■ Problem details:
Copy each line of the data that has "House" in it.

-------- Exercise data --------

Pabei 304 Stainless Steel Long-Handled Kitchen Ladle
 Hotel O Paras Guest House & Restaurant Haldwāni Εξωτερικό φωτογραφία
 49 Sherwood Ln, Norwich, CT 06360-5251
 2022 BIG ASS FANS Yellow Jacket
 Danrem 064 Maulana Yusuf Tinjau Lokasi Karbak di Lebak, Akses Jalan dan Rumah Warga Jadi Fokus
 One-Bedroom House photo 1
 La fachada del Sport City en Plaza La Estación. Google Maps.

--------

■ Output of the task:
 Hotel O Paras Guest House & Restaurant Haldwāni Εξωτερικό φωτογραφία
 One-Bedroom House photo 1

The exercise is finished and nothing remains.